While West Virginians hope natural gas and coal are going to continue to lead the way for the state, and data from the West Virginia Department of Commerce paints that picture.

According to the department, West Virginia has seen more than $22.5 billion in new business investments. And according to the state Tax Department, West Virginia removed about $165 million of business tax burden in Fiscal Year 2013 and more than $482 million during the past seven years.

Chelsea Ruby, director of marketing and communications for the Department of Commerce, said the state has, for the ninth consecutive time, reduced workers' compensation rates. Employers will have saved $250 million since the fund privatized in 2006, officials said.

Lorensen echoed those sentiments, saying the workers compensation movement in the state points to one of the many examples that state government has tried to improve the business climate with a hands-off approach.

“(Government) learns from lessons like workers comp reform,” Lorensen said. “Government doesn't ‘squeeze out' what (the) private sector can clearly do better.”

He said there are always objective lessons to be learned from solving problems, with all of those leading to Tomblin wanting the state to be a good place to do business.

Why West Virginia?

West Virginia's cost of living pales in comparison to its border states.

The cost of living in the state is 14 percent lower than the national average, according to Sperling's Best Places.

The state ranks 86 out of 100 for best overall score when it comes to its cost of living.

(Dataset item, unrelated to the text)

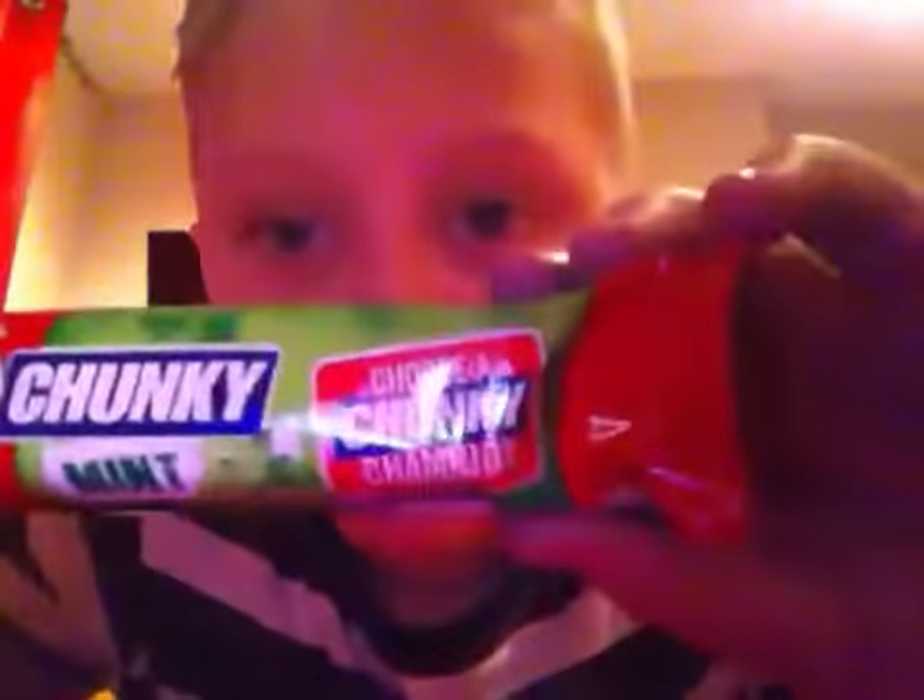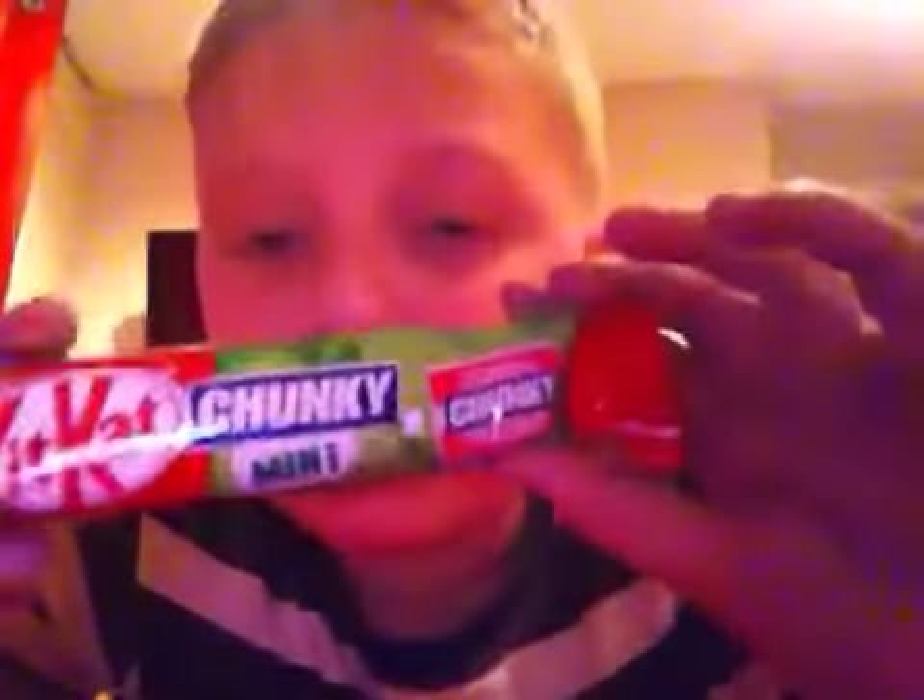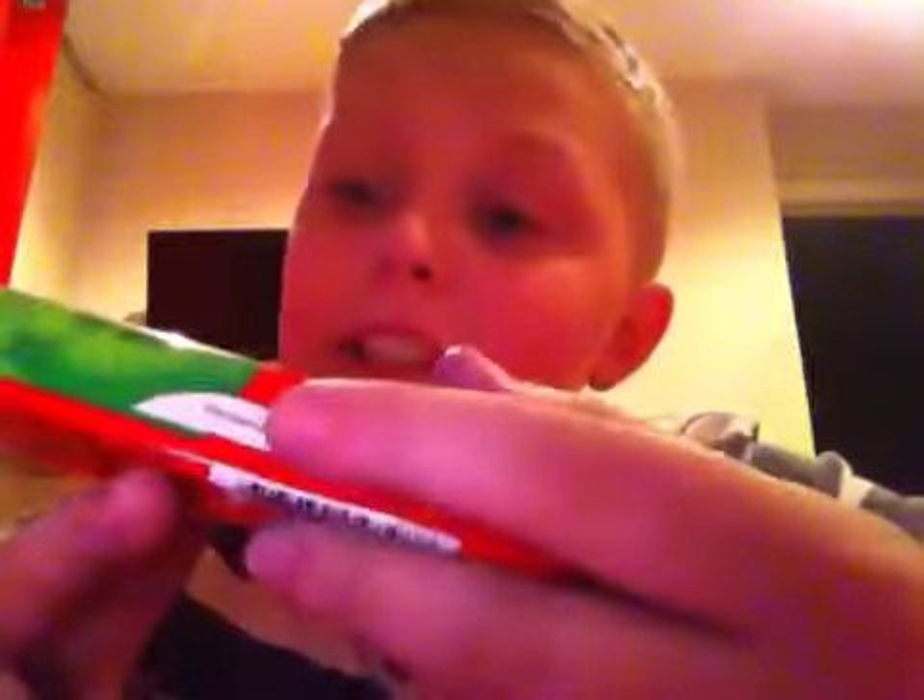What is up guys? As I promised in my vlog, I would do a quick show of the Choose a Chunky Champion Kit Kat Chunky. I've just bought the Kit Kat Chunky Mint for 65 pence — I've never tried this one before. You vote on Facebook, and I voted for Chocolate Fudge even though I haven't had any others. I'm going to be showing you the hazelnut one, the coconut one, and this one.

When comparing capital cities, Charleston ranks about 9 percent higher than Columbus, Ohio, for an overall cost of living score.

Food, housing and utilities are all cheaper in the West Virginia city than the Buckeye State.

West Virginia's electricity rates, both commercial/industrial and residential, are 22 percent below the national average, according to the Department of Commerce.

The state pays attention to property tax, with the High-Technology Business Property Valuation Act providing special property tax valuation for equipment and tangible personal property. The property tax is reduced to about five percent of the tax that would otherwise apply. Sales tax is eliminated from all purchases of pre-written computer software, hardware, serves, building materials and tangible personal property for direct use in a high-technology business or Internet advertising business, officials with the commerce department said.